**Records supplied**
···

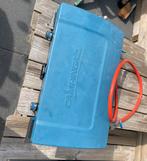Camping gas stel, Ophalen, Gebruikt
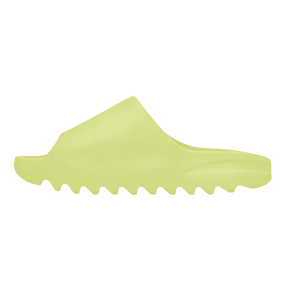 Yeezy Slide Glow Green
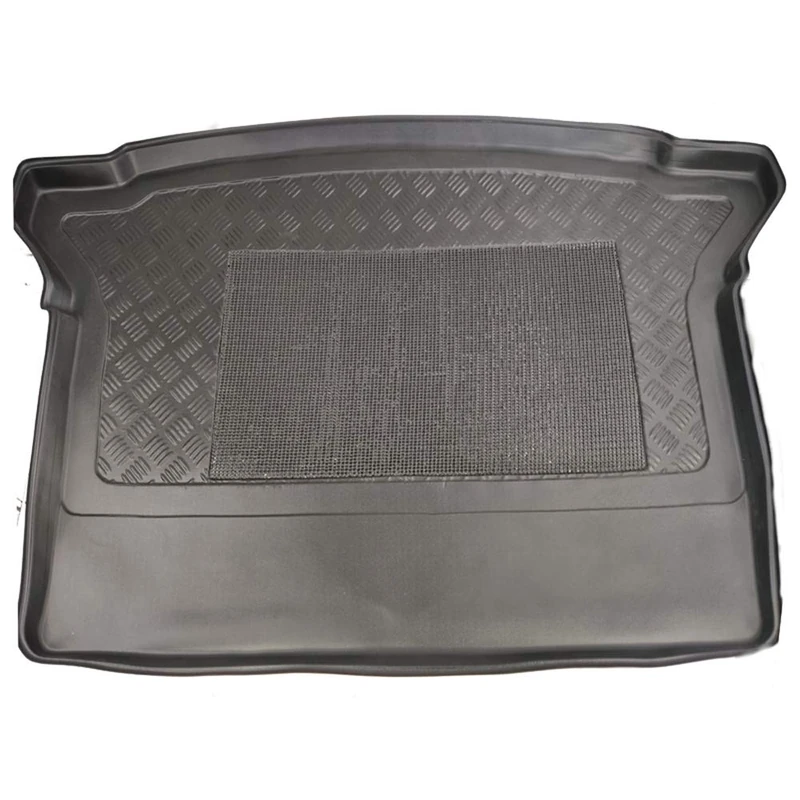 AUTO-STYLE Trunk shell 'Non-slip' compatible with Mercedes B-Class W245 2005- (low loading floor)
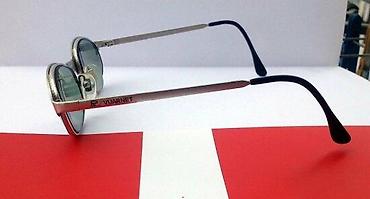 Naočare: VUARNET 603 CUI PX 2000 ram za naočare za sunc. 100% AUTHENTIC. Made — 8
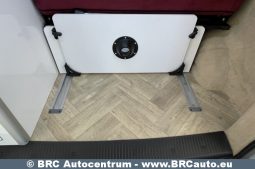 Volkswagen Transporter T6 Kemper 2.0BiTdi Automatas 2020 full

···

**Work order**
Leave out the pictures, and write out all the remaining data above exactly.

**Task answer**
Camping gas stel, Ophalen, Gebruikt
 Yeezy Slide Glow Green
 AUTO-STYLE Trunk shell 'Non-slip' compatible with Mercedes B-Class W245 2005- (low loading floor)
 Naočare: VUARNET 603 CUI PX 2000 ram za naočare za sunc. 100% AUTHENTIC. Made — 8
 Volkswagen Transporter T6 Kemper 2.0BiTdi Automatas 2020 full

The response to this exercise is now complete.